Vantol also offered to provide the police with the clothing he claimed to have

been wearing at the time of the murders, but he refused to take them to the

clothing. Rather, two days later Vantol produced a trash bag containing

several clothing items as well as an orange wig.


Vantol confessed to the police, but he was not believed. When told he had

failed a polygraph test, Vantol threatened to harm himself. He was admitted

to Acadia Hospital and later recanted his confessions and said he had obtained

the clothing from a junk car and that they had nothing to do with the murders.

Cookson sought DNA testing of the clothing. The trial court denied the

request but did not give specific findings of fact as to the five criteria that

must be shown by prima facie evidence under the post-conviction DNA

statute. One of those criterion is the chain of custody of the item of evidence

sought to be tested.


What constitutes prima facie evidence? When findings of fact are required

by statute, how specific must they be? In the context of post-conviction DNA

testing, what does “chain of custody” encompass?
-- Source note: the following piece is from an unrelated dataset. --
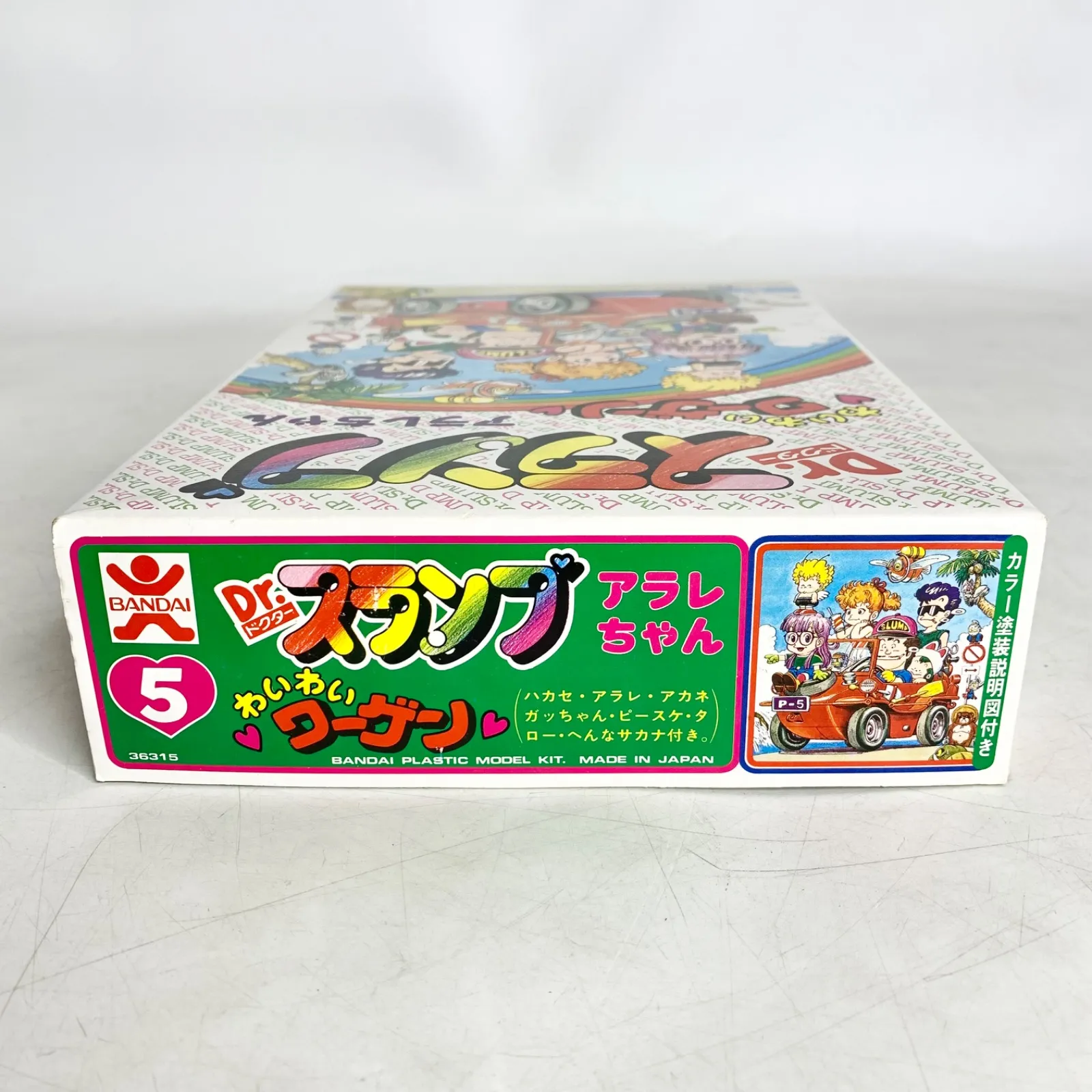 バンダイ Dr.スランプ アラレちゃん わいわいワーゲン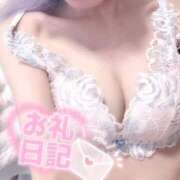 ヒメ日記 2026/08/05 20:52 投稿 かれん【FG系列】 フィーリングin横浜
Cookson v. State, 2011 ME 53, 17 A.3d 1208



Prima facie evidence is a “low standard” that only requires “some evidence” on

every element of proof necessary to obtain the relief requested.

Where required by statute, findings of fact must be stated with “sufficient

specificity to permit understanding and meaningful appellate review.” The Law

Court vacated the trial court’s judgment because it failed to issue findings of fact

as required by the law.

The Law Court also addressed the issue of chain of custody and concluded that

Cookson has the burden to account for the clothing’s chain of custody from the

time of the murders to the present day, not just for the time period when the

police had custody of the items.

The chain of custody requirement is designed to assure that the evidence is what

it purports to be and that it has not been contaminated or tampered with.

Justice Alexander dissented. He would have affirmed the trial court because

Cookson failed to satisfy his burden of chain of custody and the absence of tampering.